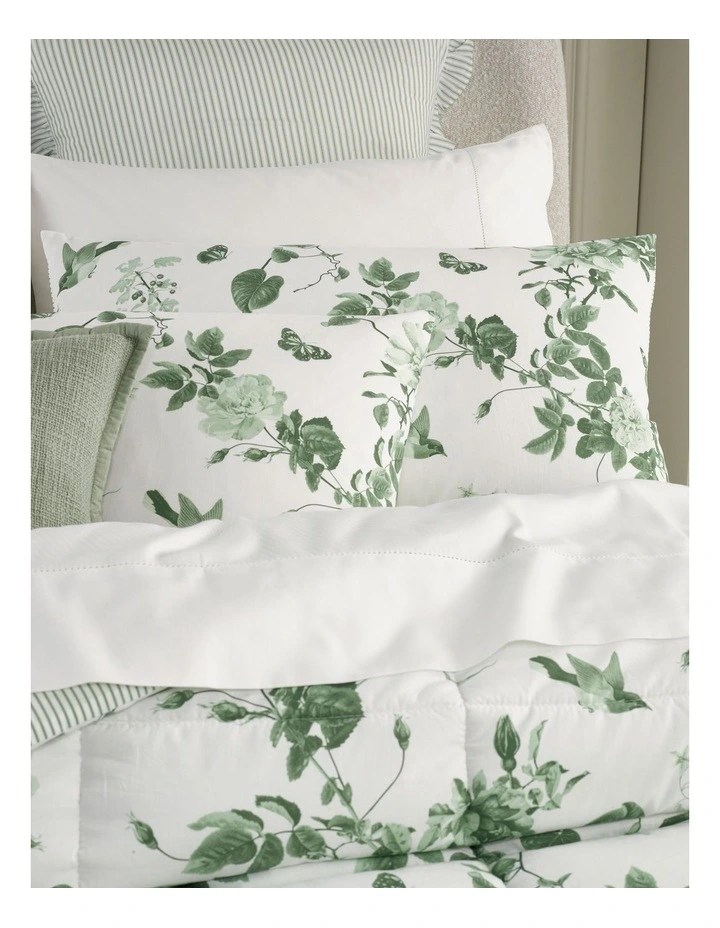Printed Comforter Set in Green Floral image 3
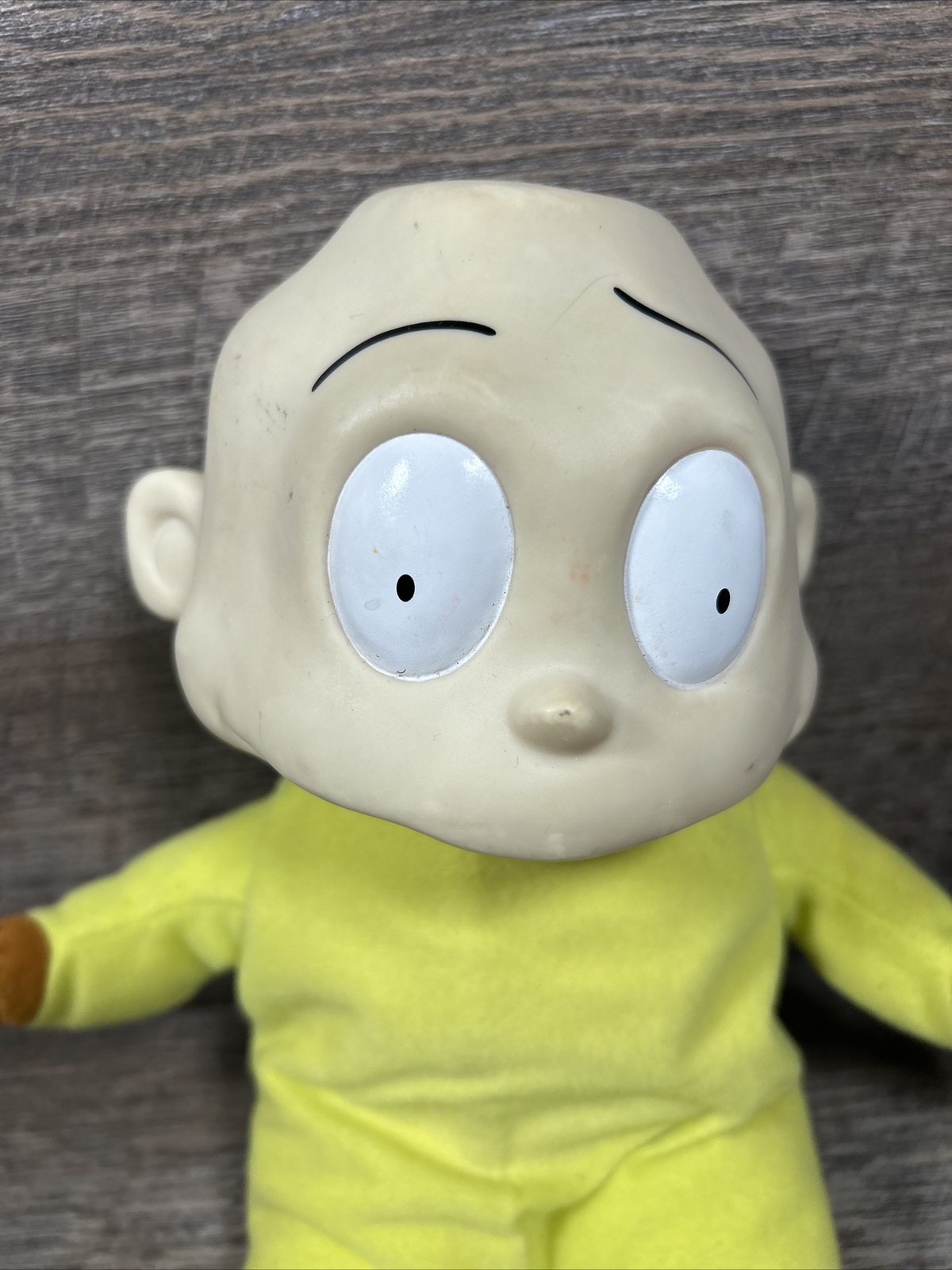 Vintage 1998 Mattel Rugrats Crying Dil Pickles Green Pajamas Plush Plastic Doll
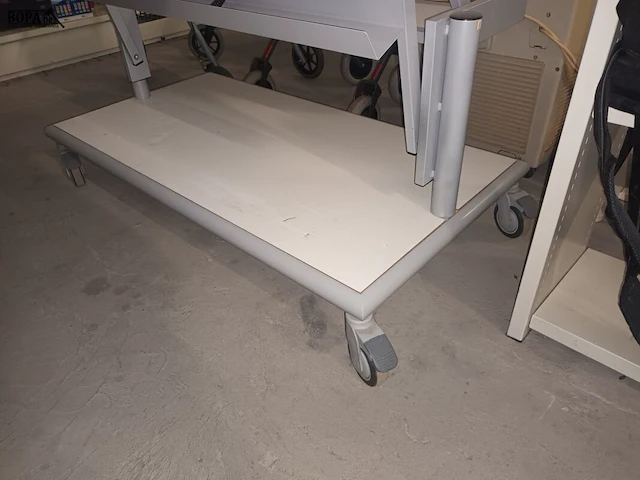 Lot 13 - mobiel whiteboard met projectorstatief - afbeelding 7 van  7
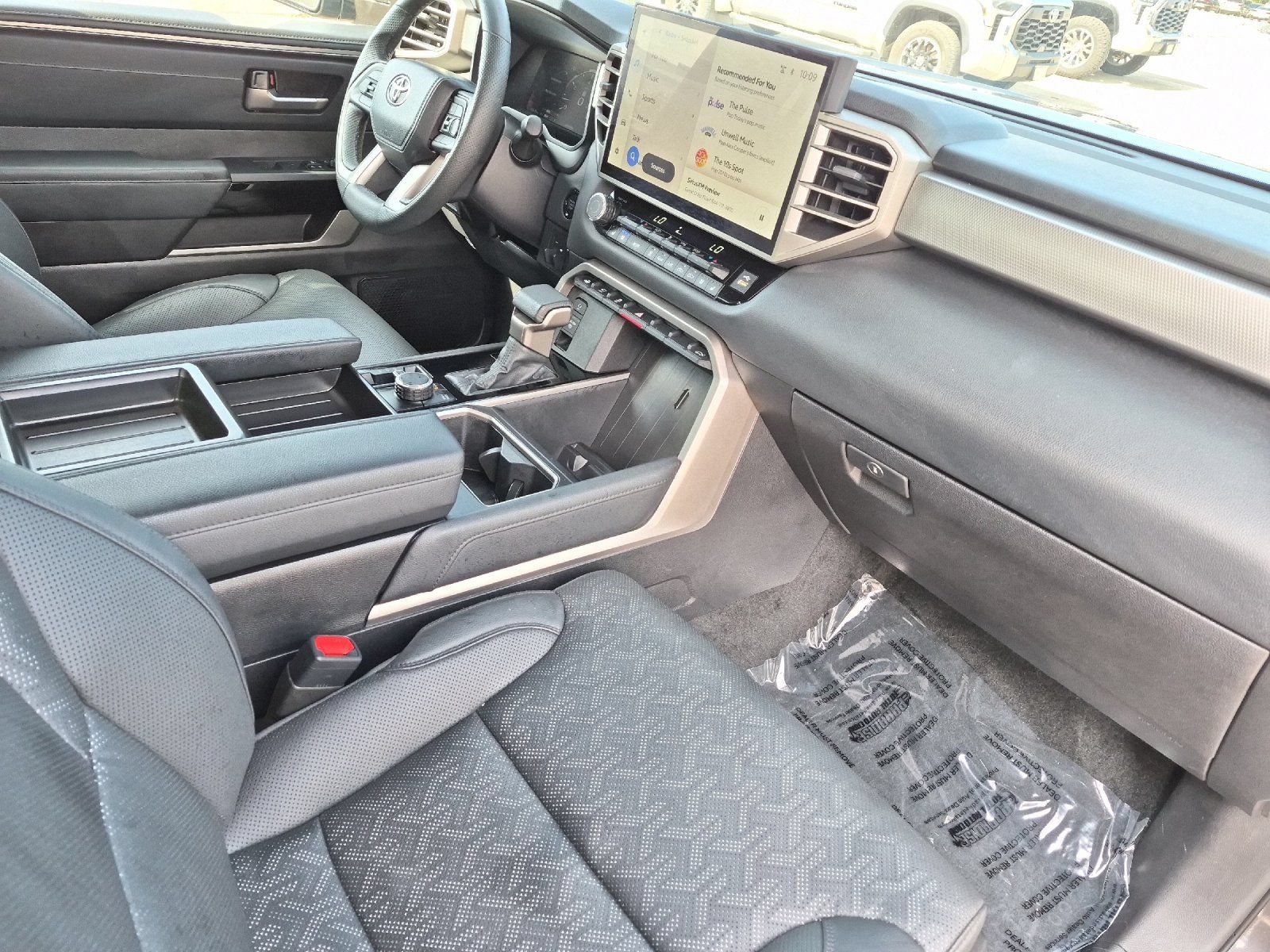 Used 2025 Toyota Tundra Limited AWD/4WD image 14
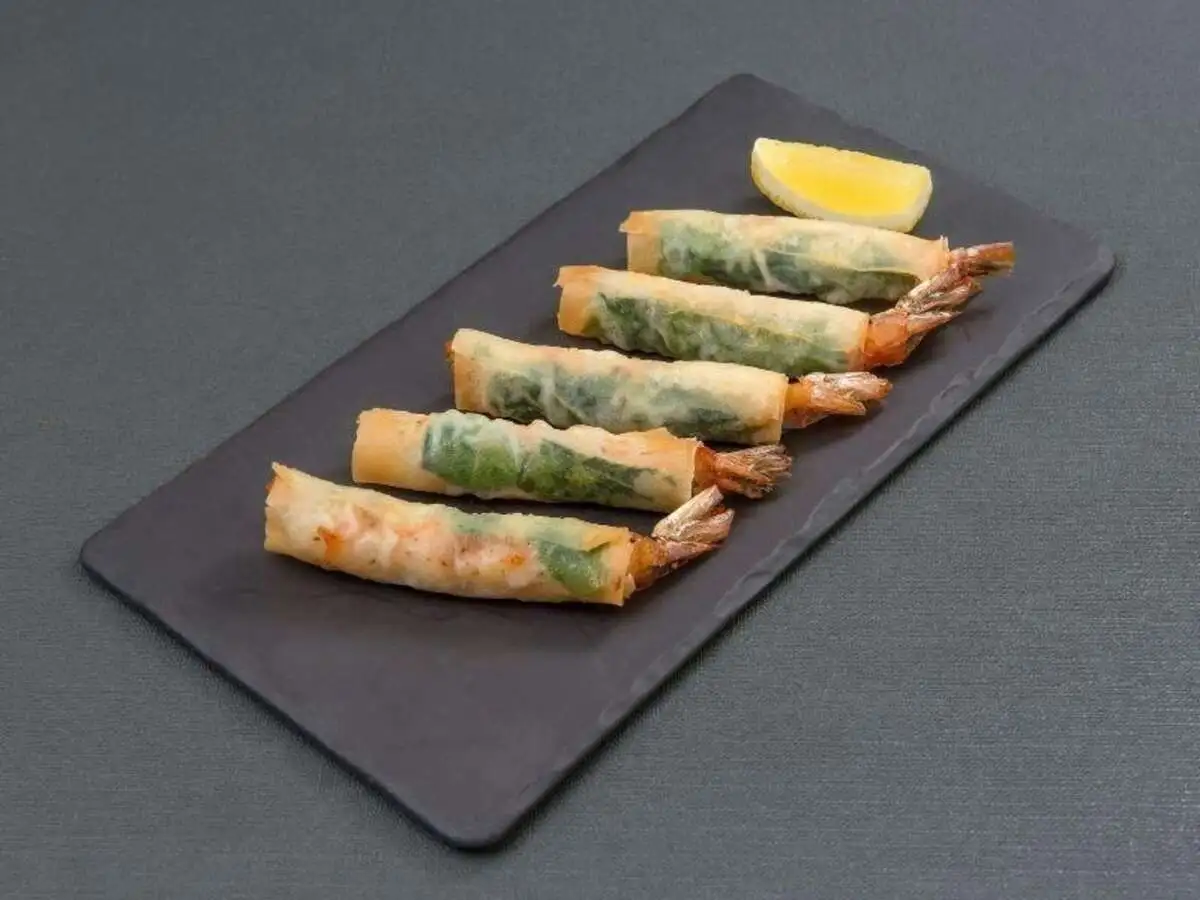 Жареные роллы с креветкой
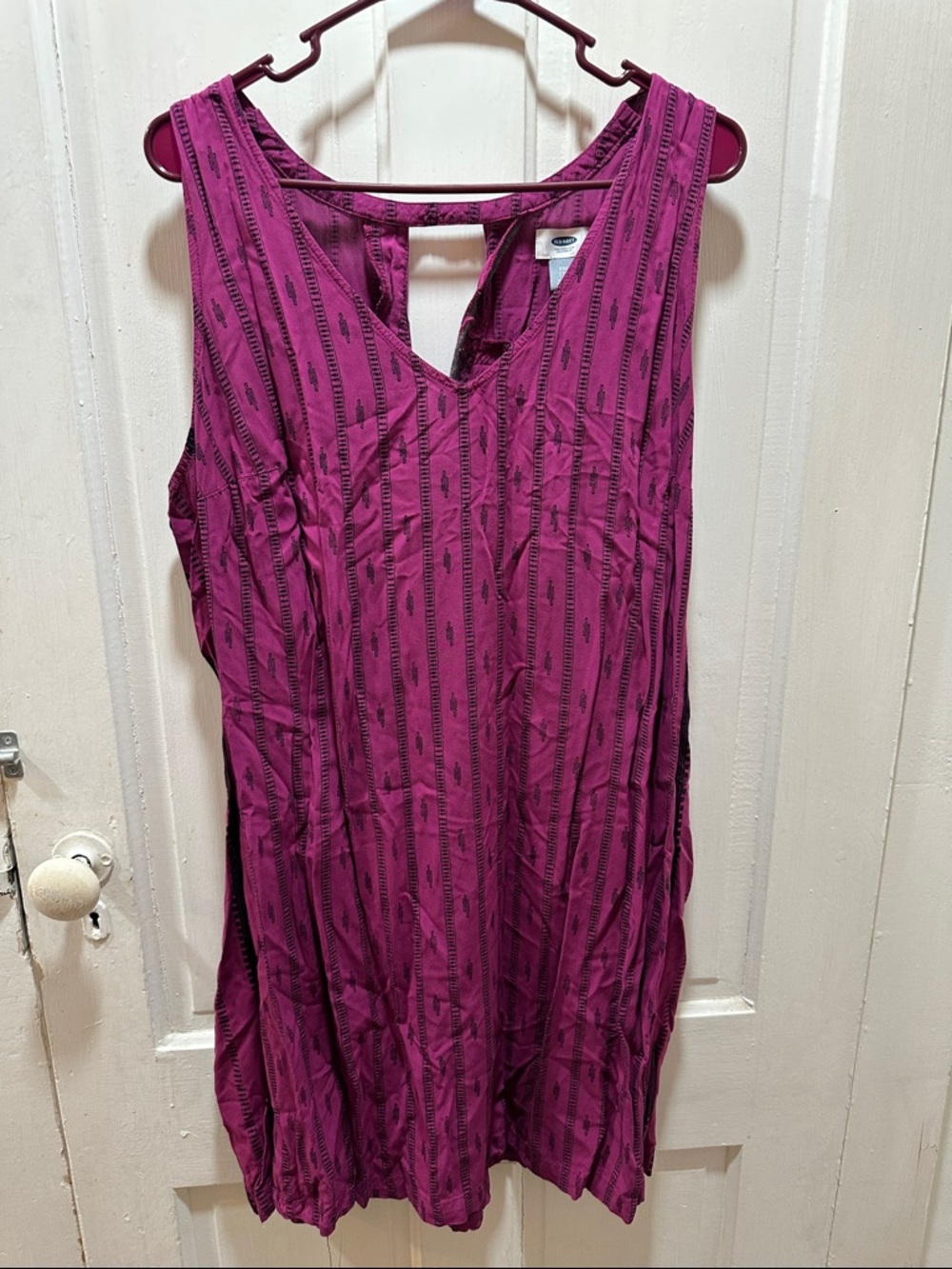 Old Navy Magenta Striped Sleeveless Tunic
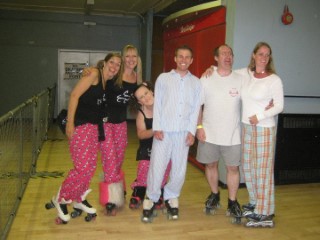Small_group_at_pj_skate_liverpool_jun_10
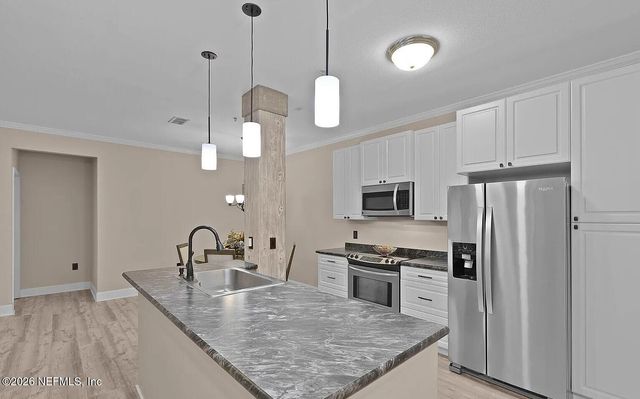 7800 POINT MEADOWS Drive 413, Jacksonville, FL 32256
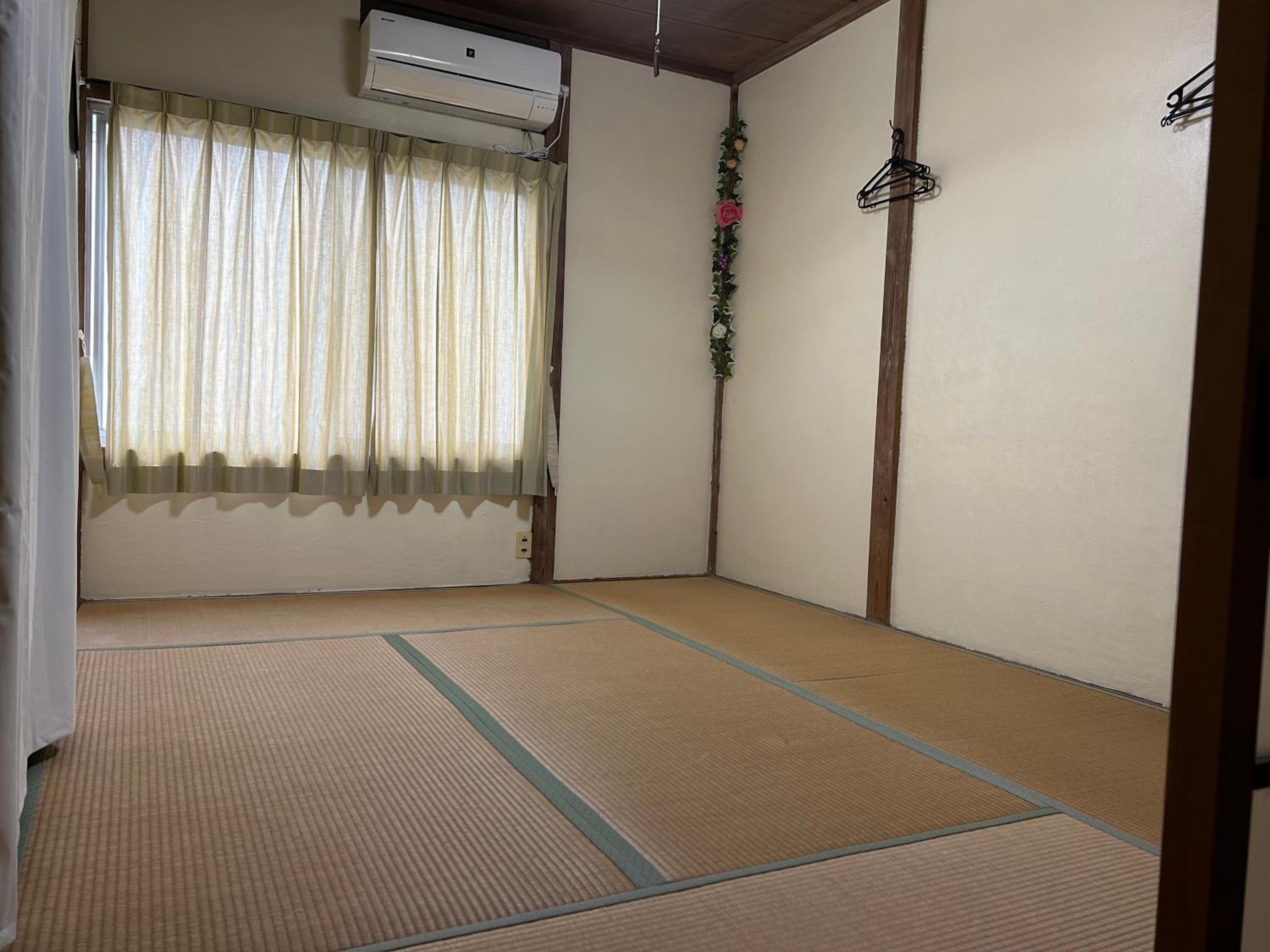Economy Triple Room photo 2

What is required>
A faithful, word-for-word copy of the records above, pictures left out, is the answer.

Answer area>
Printed Comforter Set in Green Floral image 3
 Vintage 1998 Mattel Rugrats Crying Dil Pickles Green Pajamas Plush Plastic Doll
 Lot 13 - mobiel whiteboard met projectorstatief - afbeelding 7 van  7
 Used 2025 Toyota Tundra Limited AWD/4WD image 14
 Жареные роллы с креветкой
 Old Navy Magenta Striped Sleeveless Tunic
Small_group_at_pj_skate_liverpool_jun_10
 7800 POINT MEADOWS Drive 413, Jacksonville, FL 32256
Economy Triple Room photo 2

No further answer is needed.